Open fcampagnexandr opened 3 years ago
@fcampagnexandr, thanks for using DeepSpeed and reporting this issue. Can you please provide more details on how to repro?
@fcampagnexandr, are you still seeing this issue?
Yes, I we are seeing the issue. This is an issue we encounter with a pytorch implementation of the perceiver model architecture. Will try to come up with a simple code for reproduction, but no promise, it's quite busy at my end.
That is understandable. Please share at your convenience. Thanks so much.
Here's the code to reproduce: https://github.com/fac2003/repro_deepspeed_multi_modality_perceiver_stage_3/blob/main/DeepSpeedMultiModalityPerceiver.ipynb Same code works if you switch optimization_stage to 2 from 3.
I checked the repro code against Deepspeed 0.3.15 (latest at this time) and found the issue no longer occurs in this release. Seems fixed.
@fac2003, thanks for sharing your experience wth 0.3.15. What is strange is that I am able to repro the issue on 0.3.15, so I am curious why we have different observations :). I traced the problem to lack of support for autocast in ZeRO 3, and I just created a PR. Can you please share your ds_report again?
This is strange indeed. Here's the report with 0.3.15 on colab:
--------------------------------------------------
DeepSpeed C++/CUDA extension op report
--------------------------------------------------
NOTE: Ops not installed will be just-in-time (JIT) compiled at
runtime if needed. Op compatibility means that your system
meet the required dependencies to JIT install the op.
--------------------------------------------------
JIT compiled ops requires ninja
ninja .................. [OKAY]
--------------------------------------------------
op name ................ installed .. compatible
--------------------------------------------------
cpu_adam ............... [NO] ....... [OKAY]
fused_adam ............. [NO] ....... [OKAY]
fused_lamb ............. [NO] ....... [OKAY]

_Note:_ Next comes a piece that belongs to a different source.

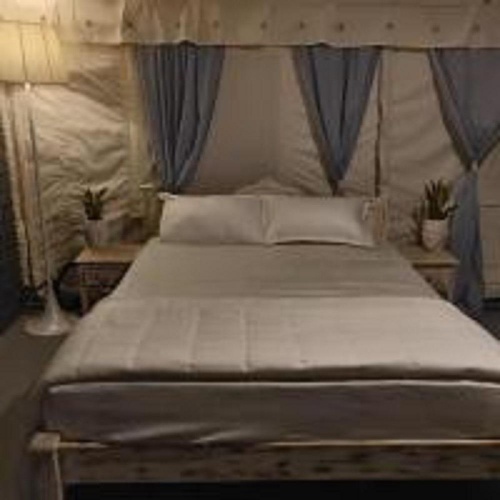 Premier room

[WARNING] sparse_attn requires one of the following commands '['llvm-config', 'llvm-config-9']', but it does not exist!
[WARNING] sparse_attn requires CUDA version 10.1+, does not currently support >=11 or <10.1
sparse_attn ............ [NO] ....... [NO]

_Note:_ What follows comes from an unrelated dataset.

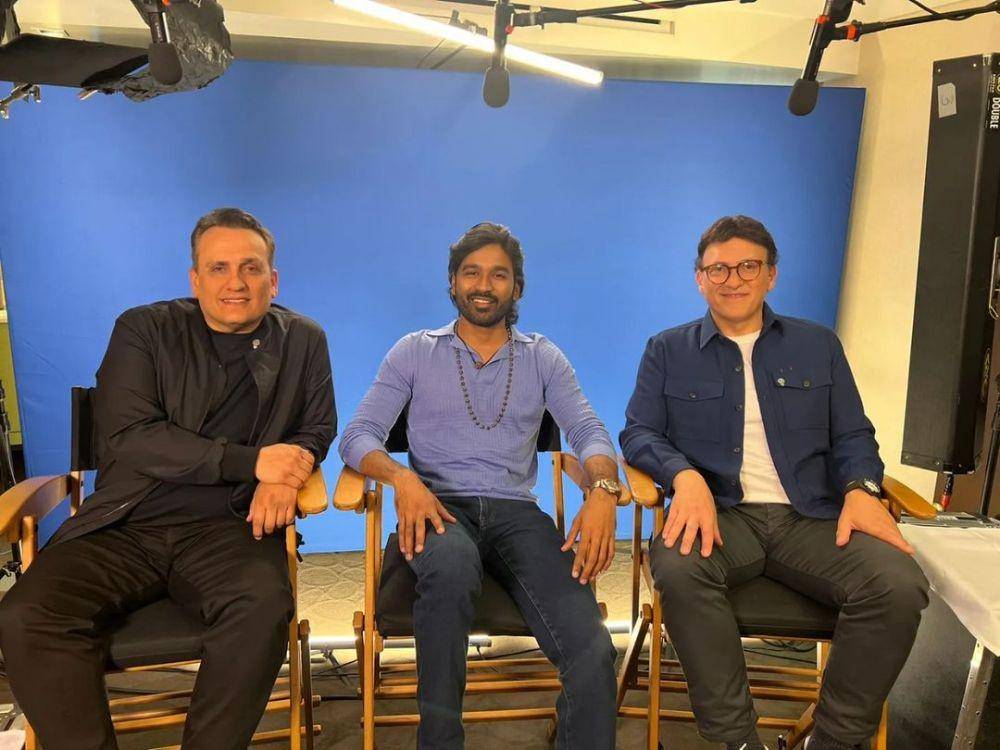 Dhanush (tengah) yang diapit oleh Russo Brothers (instagram.com/dhanushkraja)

transformer ............ [NO] ....... [OKAY]
stochastic_transformer . [NO] ....... [OKAY]
utils .................. [NO] ....... [OKAY]
[WARNING] async_io requires the libraries: ['libaio-dev'] but are missing.
async_io ............... [NO] ....... [NO]
--------------------------------------------------
DeepSpeed general environment info:
torch install path ............... ['/usr/local/lib/python3.7/dist-packages/torch']
torch version .................... 1.7.1+cu110
torch cuda version ............... 11.0
nvcc version ..................... 11.0
deepspeed install path ........... ['/usr/local/lib/python3.7/dist-packages/deepspeed']
deepspeed info ................... 0.3.15, unknown, unknown
deepspeed wheel compiled w. ...... torch 1.8, cuda 10.1
@fac2003, I think I may have figured out the mystery. But I need your help to be sure. Can you please wrap your model creation in deepspeed.zero.Init() context? Such as below?
with deepspeed.zero.Init(
):
model = MultiModalityWithTextPerceiver(
modalities=(video_modality, image_modality),
depth=2, # depth of net, combined with num_latent_blocks_per_layer to produce full Perceiver
num_latents=12,
# number of latents, or induced set points, or centroids. different papers giving it different names
...
Does this repro the problem?
Indeed, I am also getting the exception with 0.3.15 after wrapping in zero.Init: RuntimeError: expected scalar type Half but found Float
Excellent! Thanks for the confirmation. What happened is that ZeRO 3 has an optimized linear layer that does not support amp autocasting. This linear layer was previous enabled by default when using ZeRO 3, which is why you originally ran into the issue. Now, a recent change made deepspeed.zero.Init() context a requirement to get this ZeRO 3 linear layer, which is why you no longer saw it. Regardless, we need this PR to add support for amp autocast. Thanks so much.
On a separate note, to get the full benefit of ZeRO 3 and ZeRO-Infinity, do need to wrap your model with deepspeed.zero.Init().
@fac2003, the fix is now merged can you please verify so this issue can be closed?
Cloning master and building from source fixed the initial error, but I am seeing a new one with stage 3 on backward:
Pasting here the ds_report output and training run output from repro steps running in colab.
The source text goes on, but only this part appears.